Happy Birthday, Alan Menken!
In honor of his birthday today, I’ve decided to do a list of my five favorite songs that Alan Menken was responsible for composing. Now I’m narrowing it down just to his work for the stage, so what you will see are songs that were composed for the stage—and not for the screen—by the master himself (If it were the opposite, you would have had a whole post on my favorite songs from The Hunchback of Notre Dame). So without further ado, here is my list!
“No Matter What” from Beauty and the Beast
This is a gem of a song that doesn’t get the credit that it deserves (it was even omitted in the most recent touring production of Beauty and the Beast. Shame on them!). The song further explores the relationship between Belle and his father, Maurice, and it’s quite touching. One of the many things you can accomplish when adapting a film for the stage is the opportunity to develop the characters more. Not only does this song do exactly that, but there is an extra layer of relatability that allows for fathers/mothers and daughters/sons a chance to be deeply moved. A really nice addition that brings a little more depth to an already impactful story.
“If Only (Quartet)” from The Little Mermaid
There was a demo version on YouTube(above) that consisted only of Ariel and Eric singing this song instead, and the result was so beautiful that I wish it could have been placed somewhere in the Broadway adaptation. But that doesn’t take away the wonder of this version, which is a quartet that takes place the evening before the Contest to see who will win the heart of Prince Eric. This quartet consists of four characters expressing their respective longings: Ariel wants to talk so Eric could know how much she means to her, Eric longs to know why Ariel’s appearance is so familiar to him, Sebastian wants to help her as much as he can (despite the sunset on the third day arriving very soon), and King Triton simply longs for his daughter to come home. The result is a song that deserves to be held up to a standard as much as “Under the Sea” and “Part of Your World” is.

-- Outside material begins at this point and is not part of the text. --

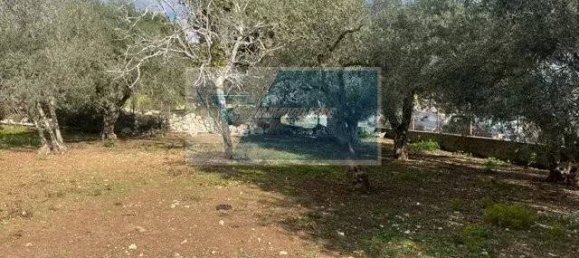 Земельный участок 1991м² в Мелилли, Италия № 178105 6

“Feed Me (Go Git It)” from Little Shop of Horrors
Menken seriously had a great time writing the songs for Little Shop of Horrors with Howard Ashman, and it’s clearly shown in this song. This is the first time where we see Seymour and Audrey II (A.K.A. THE COOLEST PLANT EVER!) interact with each other through song, and it’s quite simply a blast to listen to. It also is one of the more sadistic songs Menken has ever composed with Ashman; I mean, good lord, how many songs can you think of that involves a man being manipulated by a plant to get human flesh, and feed it to a man-eating plant? And how many songs can you think of where it involves exactly that, and IT’S MEANT TO BE FUNNY? The answer? Not very many. But its uniqueness is what makes it stand out, and is one of the many reasons why this is one of my favorite songs that Alan Menken was involved with.
“If I Can’t Love Her” from Beauty and the Beast
If there’s one aspect that I love about the stage production of Beauty and the Beast more than the brilliant film that inspired it, it’s the fact that the Beast gets his very own solo. And it’s flat-out amazing. In fact, I would argue that it ranks alongside the very best of Menken’s repertoire. It expresses a grief that can only be sung—the grief of a beast who will lose all of his humanity if he can’t love the one who could possibly change his life. What’s so incredible about this song is, just by looking at the music and lyrics alone (even without somebody performing it), it’s almost impossible not to feel the stakes. But when you DO add the performance in, it’s like slipping into Musical Theater Heaven. I’m getting chills just THINKING about it. This song is a masterpiece, and one that will continue to be appreciated by yours truly.
“Proud of Your Boy” from Aladdin
Originally intended to be part of the 1992 animated classic, the song was scrapped as the creators at Disney felt that it didn’t fit well within the story. Looking at the final project, it’s somewhat understandable, but god, does that fact break my heart. This was one of the last songs Howard Ashman collaborated on with Alan Menken, and it was a shame that Ashman didn’t get his vision fully realized. Now, because of the Broadway adaptation, I can sense that Ashman is smiling greatly from up above, as it not only fits very well in the adaptation’s story; it is also, simply, a masterpiece of simplicity—an absolutely beautiful song of a son wanting to make his mother proud no matter what. In my opinion, few Disney songs can top it, and it’s comforting to know this song is getting the exposure it deserves.